Earnings before interest, tax, depreciation and amortisation (EBITDA) adjusted for one-off items fell to 19.3 billion euros ($29.0 billion) last year primarily due to restructuring provisions, Europe's largest telecoms group by sales said.

Revenue rose 1.9 percent to 62.5 billion euros thanks to growth in mobile communications, especially in the United States.

"Last year, despite the market environment (in the U.S.), we were able to increase market revenue… so we accomplished 3.6 millon new customers. This year our target is around 3 million customers," Chief Executive Rene Obermann told "Worldwide Exchange."

The company exceeded its target for cost cutting this year, reducing costs by 2.3 billion euros compared with 2 billion planned, Obermann added.

He said Deutsche Telekom's growth strategy will rely on increasing competitiveness in Germany, which still represents 50 percent of its business, and finding opportunities to grow abroad.

Adjusted core profit had on average been expected to come in at 19.3 billion euros on sales of 62.53 billion, according to a Reuters poll of 20 analysts.

The group reiterated its outlook for flat core earnings this year and a flat free cash flow of 6.6 billion euros.

Shares in the German telecoms group fell 2.9 percent to 12.54 euros by the market close, lower than the German blue-chip index which ended down 1.9 percent.

"We believe that the management team under CEO Obermann has a better grip on the cost base than previous management teams, but the challenges continue," Merck Finck analyst Theo Kitz said.

Obermann took over as head of Deutsche Telekom in November 2006.

The Bonn-based former telephone monopoly is in the middle of a restructuring programme as its traditional market for fixed-lined telephony shrinks. It saved 2.3 billion euros in costs last year, more than its target of 2 billion.

Obermann said the company is looking for additional cost savings to boost competitiveness, above the 4.7 billion euros it has targeted in cost cuts by 2010.

"If we see further potential, we will of course exploit it.

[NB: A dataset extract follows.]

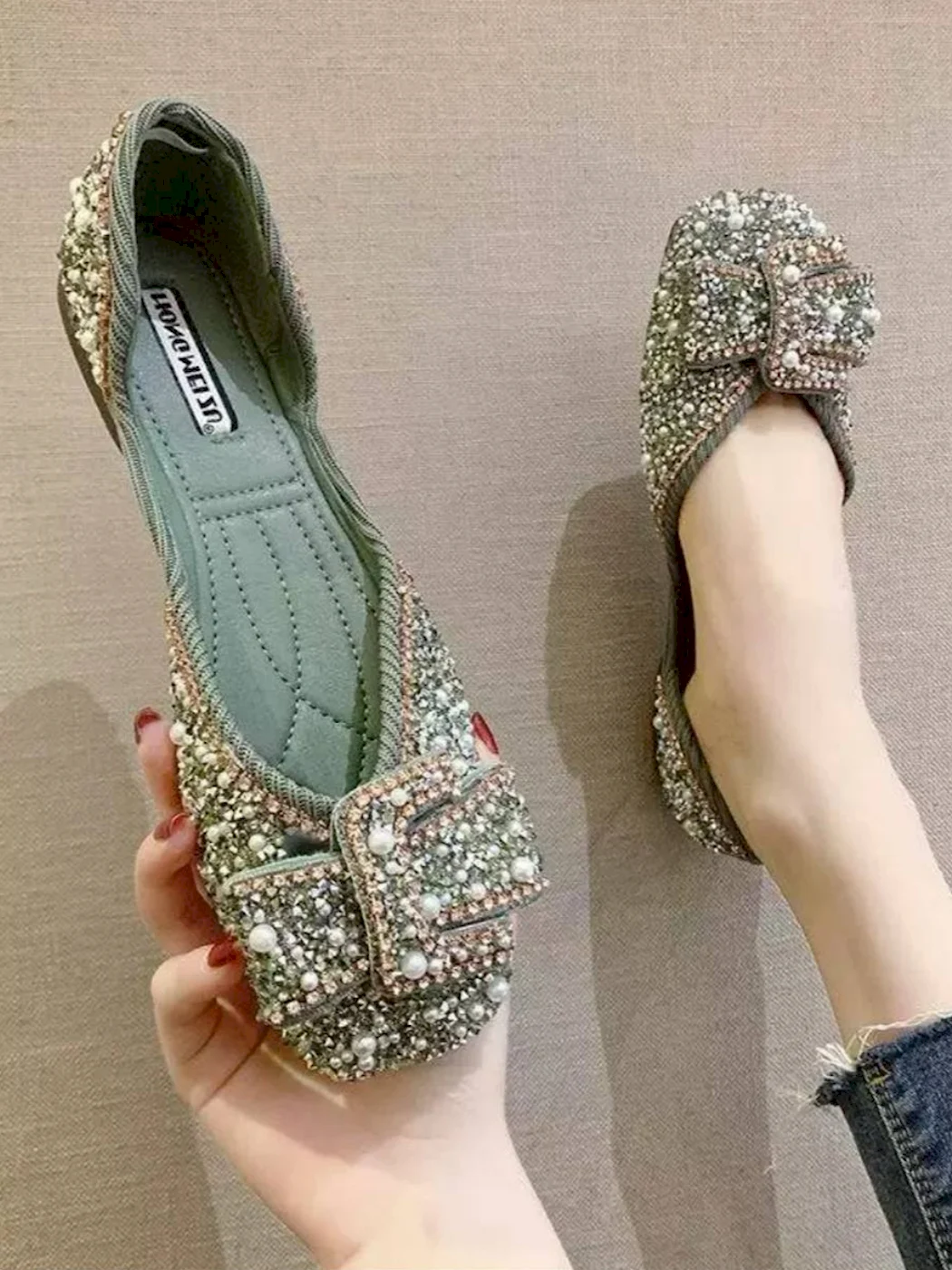 Балетки женские со стразами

We are certainly working hard at it," Rene Obermann said after the company announced 2007 earnings.

The German market, where Deutsche Telekom hopes to compensate losses at its traditional fixed-line unit with new DSL broadband connections, accounts for about half of its revenues.

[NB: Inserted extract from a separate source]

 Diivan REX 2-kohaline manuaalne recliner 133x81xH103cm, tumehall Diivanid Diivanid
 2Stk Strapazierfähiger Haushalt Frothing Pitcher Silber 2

The group has been at pains to keep domestic customers from switching to rivals such as Vodafone or smaller local phone and Internet service providers.

A decline in prices for mobile phone rates in Germany resulted in a 2.7 percent drop in revenue and an 11.1 percent decline in core profit at T-Mobile Germany, the company said.

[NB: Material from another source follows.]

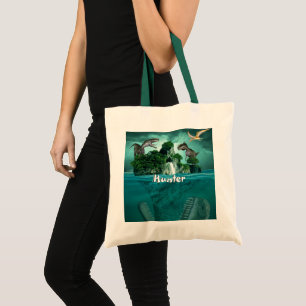 Dinosaur Island Personalised  Tote Bag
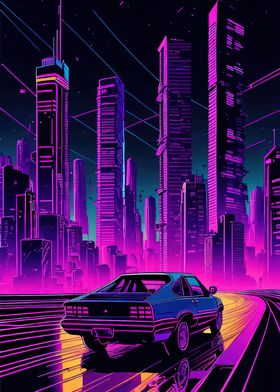 Retro wave Car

Revenue growth abroad, however, remained at a high level.

Excluding Germany, it rose 12.2 percent to 27.1 billion euros as core profit abroad increased by 17.8 percent to 7.9 billion.

Deutsche Telekom said tax effects led to a 2007 net loss of 757 million euros, though adjusted net profit was 808 million.

Obermann also said the company was close to concluding talks on a partnership for the systems integration unit of its business client unit T-Systems.

"I am talking of days or weeks," Obermann said.

Deutsche Telekom has been searching for a partner for the unit for almost a year now.